Le interlocuzioni informali dei mesi estivi sono diventate un “tavolino” per lo più al Senato dove s’incontrano con frequenza quindicinale Roberto Calderoli, uomo delle leggi elettorali per la Lega, Malan e Donzelli per Fdi, Alessandro Battilocchio e Stefano Benigni per Forza Italia, Lupi per i Moderati. Certo, i nodi più intricati sebbene intermedi, vengono risolti poi in apericena a casa Meloni direttamente tra Tajani e la proprietaria di casa. Il “tavolino” è stato alimentato anche con report che i parlamentari di maggioranza più dentro la materia hanno redatto consultando informalmente i colleghi di opposizione. Perché almeno la mossa di tentare di approvare una nuova legge elettorale con il contributo di tutto il Parlamento dovrà essere fatta.
Il nome sulla scheda
Il passaggio dal “premierato” (elezione del premier con riforma costituzionale) al “premierino” (ovvero prevedere con legge ordinaria il nome del premier nella scheda elettorale) è il nodo più difficile da sciogliere. Non solo tra gli alleati ma all’interno di Fratelli d’Italia. Dove su questo non vige il pensiero unico.
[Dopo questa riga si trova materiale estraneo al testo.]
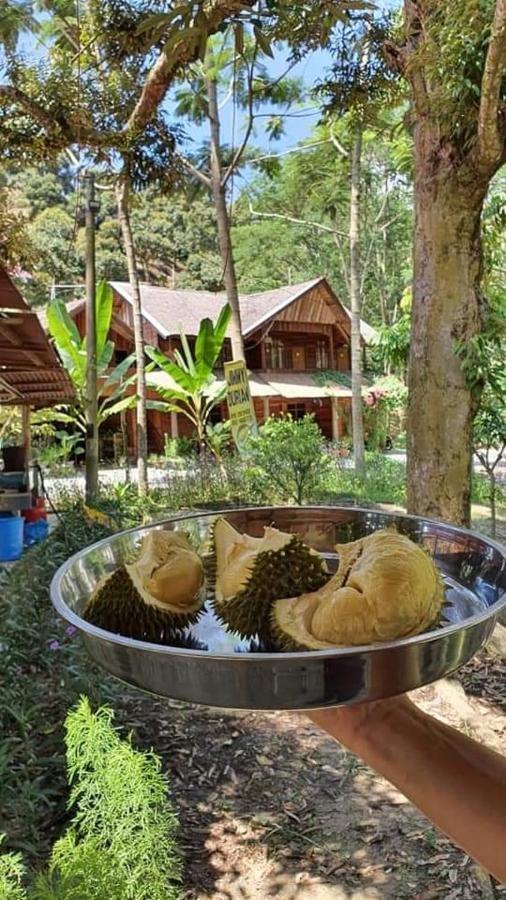 Jimmy Durian Orchard Apartment Karak Luaran gambar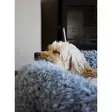 Rosewood Silver Fluff koiranpeti, pehmeä, harmaa - Koiran pedit - 0283080090905 - 1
Giorgia Meloni vuole il suo nome nella scheda elettorale della coalizione incurante del fatto che possa essere incostituzionale visto che andrebbe nei fatti a ledere le prerogative del Capo dello Stato laddove (articolo 92) si dice che è compito del Presidente della Repubblica nominare il Capo del governo e non certo facendo il passacarte. Il punto è che non sono solo Antonio Tajani e Matteo Salvini ad essere contrari. L’ex cognato e ministro Francesco Lollobrigida ha sollevato una questione non da poco riportata da testimoni in questi termini: “Così non va, cara Giorgia, cannibalizzi le preferenze. Votano tutti te e gli altri che fanno?”.
La nuova legge
Il “premierino”, infatti, sarebbe la ciliegina su una “torta”, la legge elettorale, così riformata: via tutti i collegi maggioritari; sistema di voto proporzionale secco con l’aggiunta di alcuni listini bloccati (per proteggere i big che non hanno voglia di andare a cercare le preferenze); sbarramento più al 3% che al 4%; la soglia per il premio di maggioranza scatterebbe al 42% e regalerebbe fino al 55%. Uno schema di voto pensato apposta per penalizzare le opposizioni e che per via del premio spinge comunque i partiti a grandi coalizioni e quindi ad un bipolarismo maggioritario forzato. Che a destra esiste già. A sinistra sono appena all’ipotesi per di più sfumata.
La guerra nel campo largo
Uno schema che per le opposizioni è pieno di trappole. La prima: i collegi uninominali sarebbero la carta segreta delle opposizioni; non lo sono stati nel 2022 perché il centrosinistra andò in frantumi prima ancora di cominciare. Scenario che non si potrebbe più ripetere e quindi Meloni cambia la regola fondamentale: proporzionale con preferenze al posto dei collegi uninominali. La seconda: la soglia di ingresso fra il 3 e il 4% invoglia chi ci crede di poter andare da solo, di fare il terzo polo e diventare l’arbitro fra i due poli. Per intendersi, Calenda e Marattin. Il terzo: l’indicazione del candidato premier, in qualunque forma si realizzi (l’ultima versione pacificatrice è di indicarlo non nel simbolo ma nei programmi delle forze di coalizione che saranno depositati al Viminale così che nessuno si sentirà cannibalizzato dalla popolarità della premier) apre una guerra feroce nel centrosinistra. Guerra che solo primarie di coalizione potrebbero sedare. Come che sia, che lo show della legge elettorale abbia inizio. Sono le regole del gioco della nostra democrazia. E alla fine valgono quando una riforma costituzionale.